LANSING, Mich. (WLNS) – Lansing City Clerk Chris Swope is gearing up for another city-wide election – this time a special election scheduled for May 7, 2024. That election will select nine residents of the city to rewrite and revise the Lansing City Charter.  

Lansing voters last week approved a Charter Revision Commission 51.6% to 48.4%. The vote is required every 12 years under the Charter.  The current charter was adopted by voters on Aug. 8, 1978. It has seen amendments, but has not had a full review and rewrite since 1978.

So what is the City Charter? 

Lansing City Clerk Chris Swope shown in a file photo delivering a ballot to a ballot box
Lansing City Clerk Chris Swope (WLNS)

“Think of it like a federal or state constitution,” Swope says. “That’s the city’s version of our highest document. So, it lays out who the elected officers are, the term of office for elected officers and numerous other things about how city government operates.” 

For instance, the current charter establishes Lansing as a “strong mayor” form of government. A Charter Revision Commission could rewrite the document to create a “weak mayor” form of government that relies on a city manager to run the affairs of the city under the direction of the city council.  

The Commission, once approved by voters will have three years and three opportunities to obtain approval for a new Charter. Commissioners will be paid a per diem (or by day) rate for their work. Lansing City Council will have to establish the daily rate in a future meeting.  

Swope said he believes the entire enterprise will cost at least $500,000 – including $100,000 just for the special election to choose Commissioners in May. Lansing residents will foot the bill for the election and other costs through an appropriation in the city budget. Swope said he will have to request a special appropriation to pay for the May election, and that he is planning how to finance future elections in upcoming budget requests.  

Those interested in serving on the newly created commission will have until Jan. 23, 2024, at 4 p.m. to qualify for the ballot. There are two ways to qualify: pay a $100 filing fee or collect valid signatures from 400 Lansing voters.  

Signatures must be collected on an official petition, which the City Clerk’s office can provide. Swope said he expects to have those available by the end of the week. He does caution potential candidates to make sure anyone who signs lives within the borders of the city, as some zip codes are assigned as Lansing, but are representative of surrounding communities.  

Swope said to run for a position on the commission, a candidate must be a resident and qualified voter in the City of Lansing for at least three years.

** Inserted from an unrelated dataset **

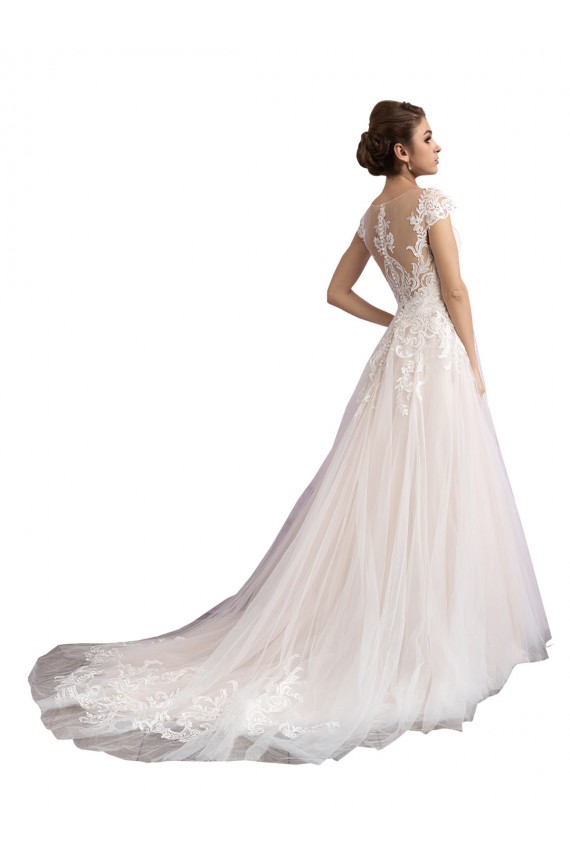 Magasins de Ivoire & Champagne Trapèze Illusion Traîne cathédrale Tulle Dentelle Plage Robes de mariée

They must also have been a resident continuously for one year before taking office on May 21. Swope says that’s the day planned for the first meeting of the Commission.  

There are more qualifications: 

  1. No felony convictions in the last 20 years 
  2. Current on all financial accounts with the city, including income taxes, property taxes and utility bills.
  3. Must not be an officer of the city, including serving on any of the city’s boards and commissions. However, if that person resigns their position, they can take a seat on the commission.  

Once a candidate has either paid a filing fee or submitted 400 valid signatures, they will be required to file a campaign committee with Ingham County Clerk Barb Byrum. Candidates will be subject to the Michigan Campaign Finance Act. That law lays out when a candidate has to report how much money they have raised or spent as well as who is providing donations. The law also places limits on donations and prohibits businesses from donating.  

Swope says he is expecting a significant number of candidates for the nine seats.  

“We have seen a lot of interest,” Swope tells 6 News. “I anticipate that there will be vigorous campaigns and a number of candidates filing and similar — probably similar — to the way we see in City Council campaigns. There will be a few campaigns that are very vigorous, may or may not be successful, and then there will be some people who simply file and put their name on the ballot, and sometimes those can be successful as well.”